### EXERCISE REQUIREMENTS
Please quote exactly the lines below from the line containing "Women's Beige Leopard-Print Slip-On Loafers" to the line containing "White Artificial Leather", both lines included, and nothing else.

________________________________________

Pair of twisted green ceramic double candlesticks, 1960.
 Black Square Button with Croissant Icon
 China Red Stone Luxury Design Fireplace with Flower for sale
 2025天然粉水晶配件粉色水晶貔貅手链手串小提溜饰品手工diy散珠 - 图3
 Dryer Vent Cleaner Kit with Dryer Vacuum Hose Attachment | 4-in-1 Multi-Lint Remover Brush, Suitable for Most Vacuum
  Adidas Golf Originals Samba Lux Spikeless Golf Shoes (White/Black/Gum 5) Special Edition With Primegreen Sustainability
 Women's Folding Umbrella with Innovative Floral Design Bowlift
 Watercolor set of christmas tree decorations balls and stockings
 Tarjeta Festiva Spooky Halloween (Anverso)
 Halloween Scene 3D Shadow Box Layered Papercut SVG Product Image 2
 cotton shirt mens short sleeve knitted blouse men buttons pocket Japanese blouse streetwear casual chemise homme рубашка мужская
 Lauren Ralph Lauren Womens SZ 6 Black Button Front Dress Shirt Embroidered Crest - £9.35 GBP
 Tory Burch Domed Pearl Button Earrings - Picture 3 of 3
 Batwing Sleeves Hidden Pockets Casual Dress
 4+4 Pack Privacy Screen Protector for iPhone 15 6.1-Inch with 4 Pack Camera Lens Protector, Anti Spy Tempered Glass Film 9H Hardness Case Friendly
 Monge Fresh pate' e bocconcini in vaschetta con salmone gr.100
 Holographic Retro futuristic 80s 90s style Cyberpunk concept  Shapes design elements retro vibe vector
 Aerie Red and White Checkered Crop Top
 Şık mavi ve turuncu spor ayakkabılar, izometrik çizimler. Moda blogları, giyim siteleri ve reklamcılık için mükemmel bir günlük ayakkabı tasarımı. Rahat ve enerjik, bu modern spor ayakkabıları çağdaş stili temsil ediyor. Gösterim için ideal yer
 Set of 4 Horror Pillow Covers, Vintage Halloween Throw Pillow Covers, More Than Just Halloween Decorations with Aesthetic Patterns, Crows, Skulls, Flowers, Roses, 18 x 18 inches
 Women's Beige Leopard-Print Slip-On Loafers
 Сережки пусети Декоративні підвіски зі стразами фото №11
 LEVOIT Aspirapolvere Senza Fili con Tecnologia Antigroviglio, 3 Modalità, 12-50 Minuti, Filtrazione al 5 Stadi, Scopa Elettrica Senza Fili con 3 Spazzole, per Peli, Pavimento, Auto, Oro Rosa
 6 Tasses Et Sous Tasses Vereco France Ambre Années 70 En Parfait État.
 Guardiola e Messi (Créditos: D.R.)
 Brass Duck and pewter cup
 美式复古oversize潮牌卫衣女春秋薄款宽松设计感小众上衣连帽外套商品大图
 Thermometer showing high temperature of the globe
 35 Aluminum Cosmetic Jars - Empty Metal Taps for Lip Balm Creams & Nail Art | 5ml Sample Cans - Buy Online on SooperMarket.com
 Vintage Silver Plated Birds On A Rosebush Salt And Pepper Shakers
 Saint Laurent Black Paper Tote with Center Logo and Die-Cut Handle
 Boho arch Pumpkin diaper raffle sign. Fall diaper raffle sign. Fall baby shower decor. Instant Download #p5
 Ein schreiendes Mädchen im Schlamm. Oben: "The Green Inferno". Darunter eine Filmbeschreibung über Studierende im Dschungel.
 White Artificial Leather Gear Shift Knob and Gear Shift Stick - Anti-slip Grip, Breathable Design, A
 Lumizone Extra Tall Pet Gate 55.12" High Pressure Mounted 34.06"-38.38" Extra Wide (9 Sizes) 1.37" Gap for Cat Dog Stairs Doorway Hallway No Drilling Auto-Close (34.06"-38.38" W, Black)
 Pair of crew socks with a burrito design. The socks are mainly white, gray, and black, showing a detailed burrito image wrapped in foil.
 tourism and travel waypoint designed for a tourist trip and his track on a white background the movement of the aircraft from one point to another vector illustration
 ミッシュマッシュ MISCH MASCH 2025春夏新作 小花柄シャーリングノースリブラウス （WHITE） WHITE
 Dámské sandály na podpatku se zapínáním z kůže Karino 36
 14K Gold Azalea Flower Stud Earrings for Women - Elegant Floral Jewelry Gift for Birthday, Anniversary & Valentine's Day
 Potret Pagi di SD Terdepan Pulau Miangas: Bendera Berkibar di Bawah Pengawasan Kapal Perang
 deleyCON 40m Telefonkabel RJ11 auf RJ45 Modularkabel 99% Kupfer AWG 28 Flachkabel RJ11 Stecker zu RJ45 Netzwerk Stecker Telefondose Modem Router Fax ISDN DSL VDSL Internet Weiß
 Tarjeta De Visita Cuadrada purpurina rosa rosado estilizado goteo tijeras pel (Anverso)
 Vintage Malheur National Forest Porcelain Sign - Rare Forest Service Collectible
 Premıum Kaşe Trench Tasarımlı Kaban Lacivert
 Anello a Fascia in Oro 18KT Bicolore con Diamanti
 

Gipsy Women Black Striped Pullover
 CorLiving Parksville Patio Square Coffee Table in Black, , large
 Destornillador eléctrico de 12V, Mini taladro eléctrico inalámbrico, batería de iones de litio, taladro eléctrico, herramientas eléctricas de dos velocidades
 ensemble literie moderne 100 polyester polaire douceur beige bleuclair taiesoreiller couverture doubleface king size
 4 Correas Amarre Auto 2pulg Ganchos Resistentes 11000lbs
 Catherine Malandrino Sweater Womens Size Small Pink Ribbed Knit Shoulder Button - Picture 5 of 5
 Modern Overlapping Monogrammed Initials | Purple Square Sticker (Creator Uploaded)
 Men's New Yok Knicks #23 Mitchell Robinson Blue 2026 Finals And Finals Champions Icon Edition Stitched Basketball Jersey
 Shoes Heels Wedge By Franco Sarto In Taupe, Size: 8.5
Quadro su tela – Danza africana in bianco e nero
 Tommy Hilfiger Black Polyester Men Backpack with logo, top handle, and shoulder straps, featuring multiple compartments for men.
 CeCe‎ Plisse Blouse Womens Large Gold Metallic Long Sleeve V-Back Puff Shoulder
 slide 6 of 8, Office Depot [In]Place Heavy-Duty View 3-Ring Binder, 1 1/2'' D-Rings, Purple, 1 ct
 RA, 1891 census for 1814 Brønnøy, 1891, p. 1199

________________________________________

### TASK SOLUTION
 Women's Beige Leopard-Print Slip-On Loafers
 Сережки пусети Декоративні підвіски зі стразами фото №11
 LEVOIT Aspirapolvere Senza Fili con Tecnologia Antigroviglio, 3 Modalità, 12-50 Minuti, Filtrazione al 5 Stadi, Scopa Elettrica Senza Fili con 3 Spazzole, per Peli, Pavimento, Auto, Oro Rosa
 6 Tasses Et Sous Tasses Vereco France Ambre Années 70 En Parfait État.
 Guardiola e Messi (Créditos: D.R.)
 Brass Duck and pewter cup
 美式复古oversize潮牌卫衣女春秋薄款宽松设计感小众上衣连帽外套商品大图
 Thermometer showing high temperature of the globe
 35 Aluminum Cosmetic Jars - Empty Metal Taps for Lip Balm Creams & Nail Art | 5ml Sample Cans - Buy Online on SooperMarket.com
 Vintage Silver Plated Birds On A Rosebush Salt And Pepper Shakers
 Saint Laurent Black Paper Tote with Center Logo and Die-Cut Handle
 Boho arch Pumpkin diaper raffle sign. Fall diaper raffle sign. Fall baby shower decor. Instant Download #p5
 Ein schreiendes Mädchen im Schlamm. Oben: "The Green Inferno". Darunter eine Filmbeschreibung über Studierende im Dschungel.
 White Artificial Leather Gear Shift Knob and Gear Shift Stick - Anti-slip Grip, Breathable Design, A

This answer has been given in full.